Ministry of Tolerance and Coexistence

Agency overview
- Formed: February 16, 2016; 10 years ago
- Headquarters: Abu Dhabi, United Arab Emirates
- Agency executives: Nahyan bin Mubarak al-Nahyan, Minister for Tolerance; H.E. Afraa Al Sabri, Director-General;
- Website: tolerance.gov.ae

= Ministry of Tolerance and Coexistence =

Government ministry of the United Arab Emirates

The Ministry of Tolerance and Coexistence (Note: (وِزَارَةُ التَّسَامُحِ وَالتَّعَايُشِ)) is a government ministry in the United Arab Emirates that is in charge of regulating and maintaining religious tolerance and coexistence between indigenous and overseas communities in the country.

==History==
The ministry was created in February 2016 and was known until 2022 as the Ministry of Tolerance.

The ministry was established in accordance with the National Tolerance Programme, a UAE government initiative of highlighting religious diversity and coexistence among communities in the country.
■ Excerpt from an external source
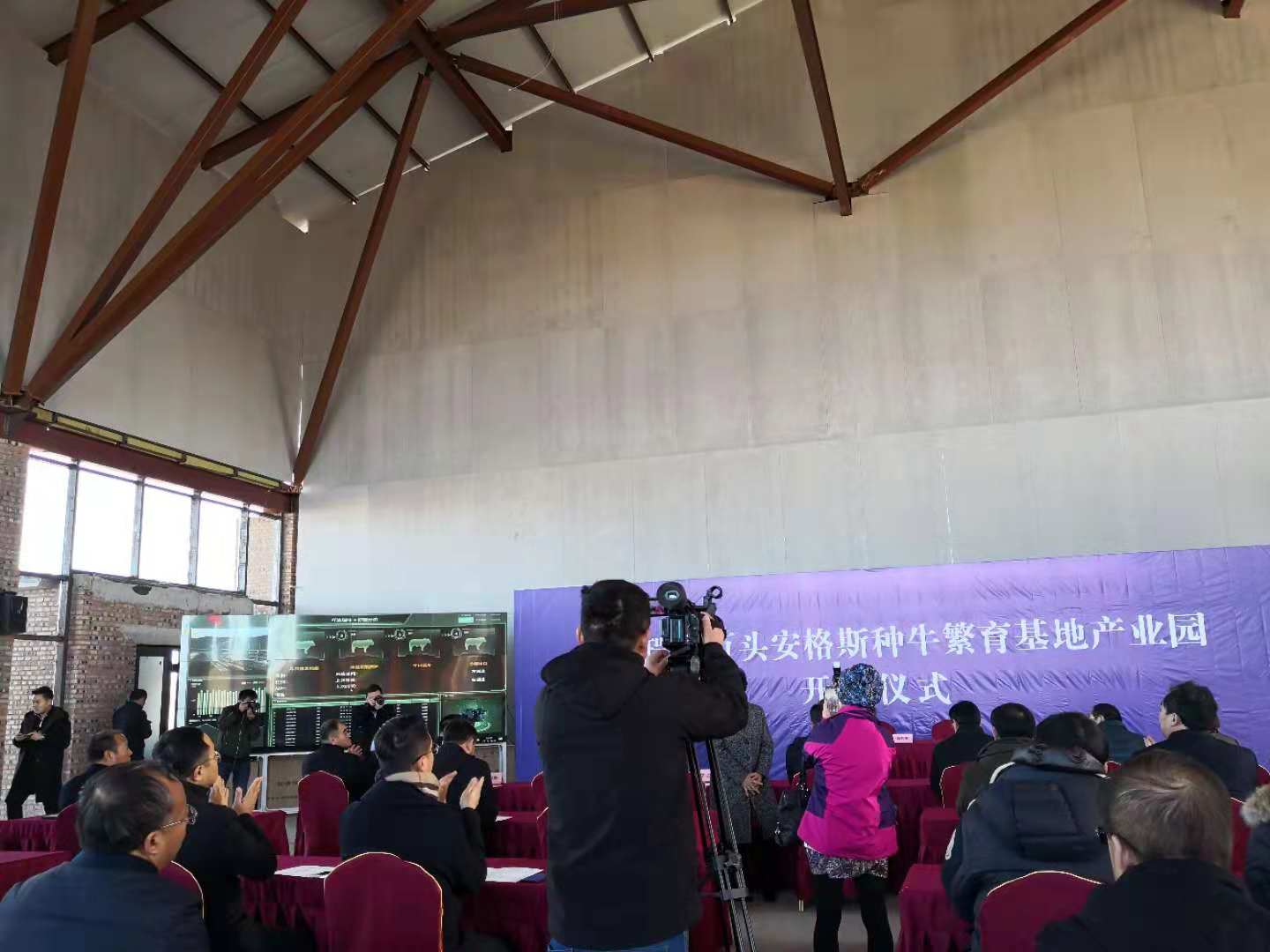 萬頭安格斯繁育基地落戶林西縣  云輝牧聯(lián)助力智慧牧場信息化建設(shè)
The ministry was the brainchild of UAE Prime Minister Mohammed bin Rashid al-Maktoum. Sheikha Lubna Khalid al-Qasimi served as its inaugural minister until she was succeeded by Nahyan bin Mubarak al-Nahyan in October 2017.

The Ministry promotes a yearly National Festival of Tolerance and Coexistence, featuring cultural performances by different communities. The 2025 edition had China as a guest of honor.

The UAE sees tolerance as a source of "economic capital and attracting skilled migrants, entrepreneurs, and global investment. The tolerance agenda reinforces the country’s image as a safe and aspirational hub". UAE's initiatives are also disseminated by other entities, such as the Hedayah think tank, and the Al Sawab center, focused on countering extremist ideologies worldwide.